## Exercise data
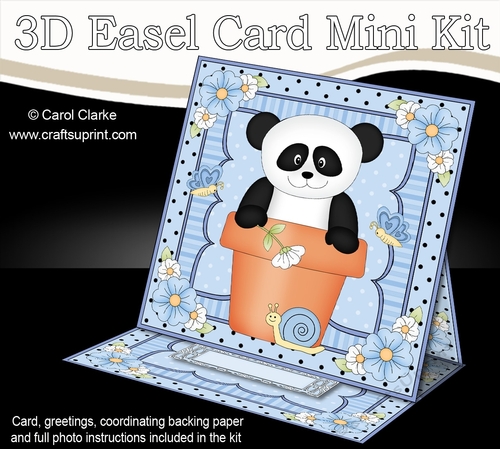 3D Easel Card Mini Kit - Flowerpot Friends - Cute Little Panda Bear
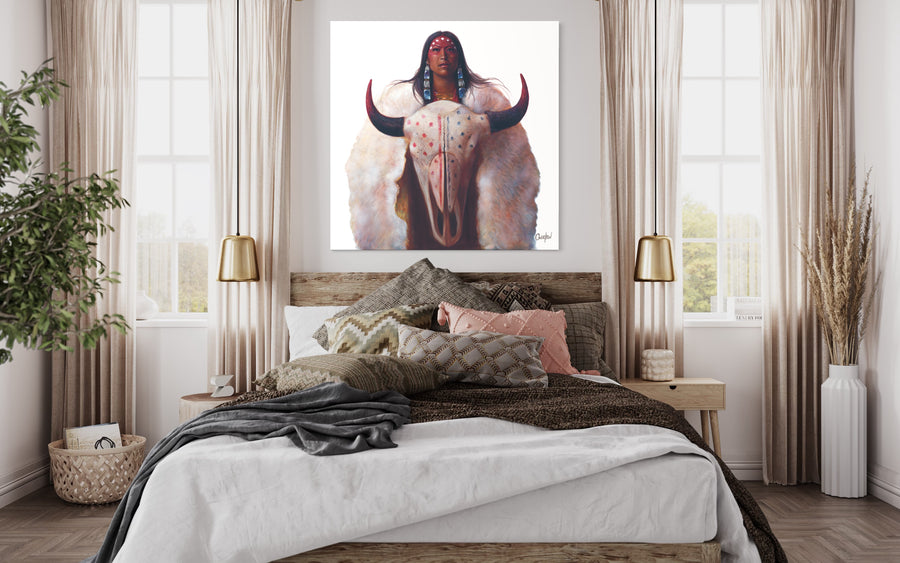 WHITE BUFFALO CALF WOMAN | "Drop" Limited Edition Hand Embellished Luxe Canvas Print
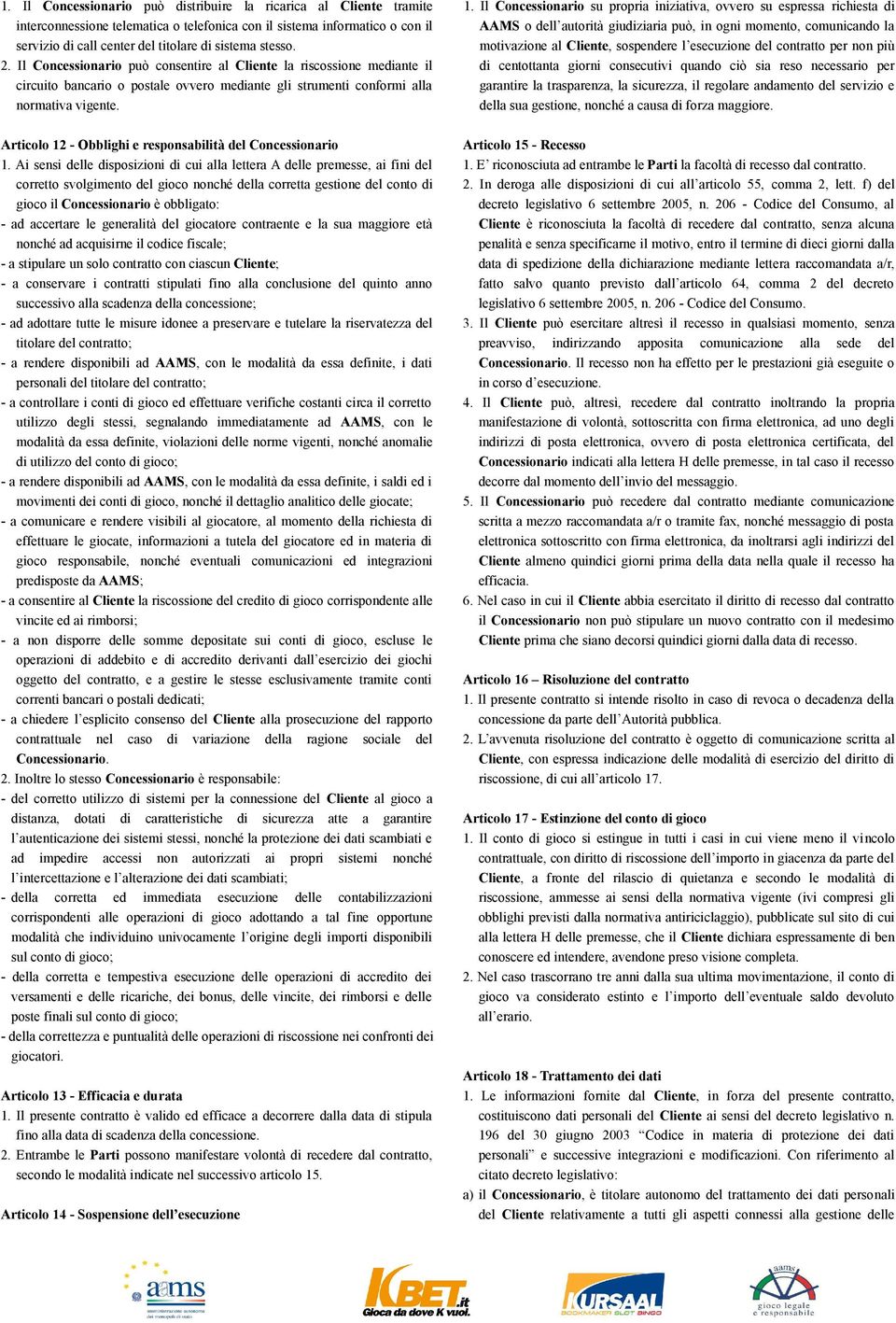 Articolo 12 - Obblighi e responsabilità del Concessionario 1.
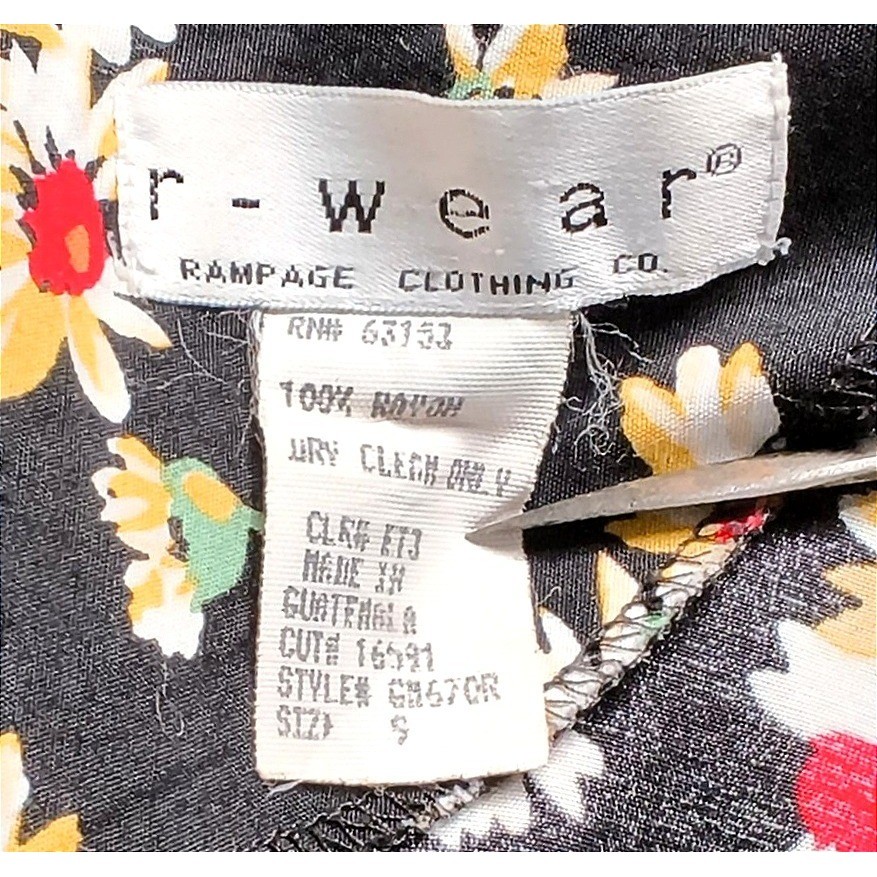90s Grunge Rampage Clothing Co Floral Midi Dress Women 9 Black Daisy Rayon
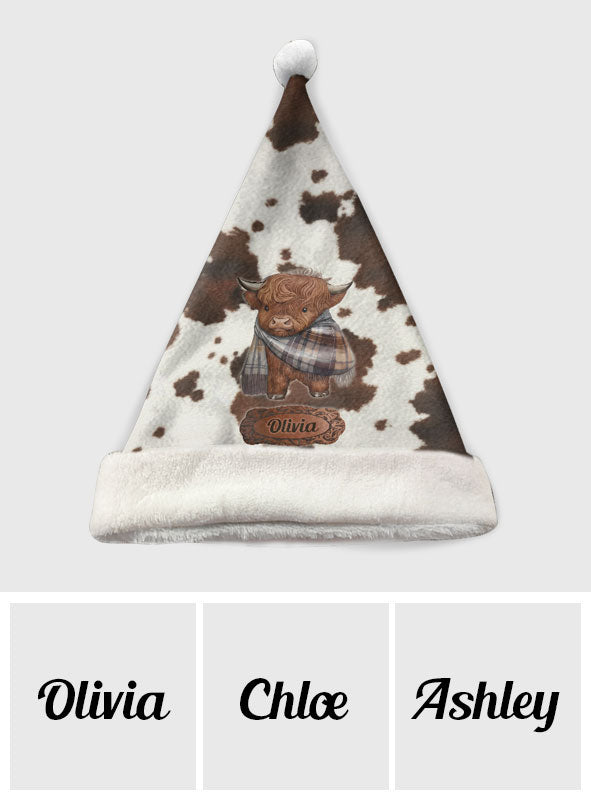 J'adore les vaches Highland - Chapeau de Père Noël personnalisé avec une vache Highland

---

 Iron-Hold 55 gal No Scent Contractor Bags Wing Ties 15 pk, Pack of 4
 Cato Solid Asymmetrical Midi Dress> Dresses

## What needs to be done
Go to the line above that has "3D Easel Card" and copy exactly from there down to the line that has "J'adore les vaches", both included. Leave the pictures out.

## Result for this exercise
 3D Easel Card Mini Kit - Flowerpot Friends - Cute Little Panda Bear
 WHITE BUFFALO CALF WOMAN | "Drop" Limited Edition Hand Embellished Luxe Canvas Print
 Articolo 12 - Obblighi e responsabilità del Concessionario 1.
90s Grunge Rampage Clothing Co Floral Midi Dress Women 9 Black Daisy Rayon
 J'adore les vaches Highland - Chapeau de Père Noël personnalisé avec une vache Highland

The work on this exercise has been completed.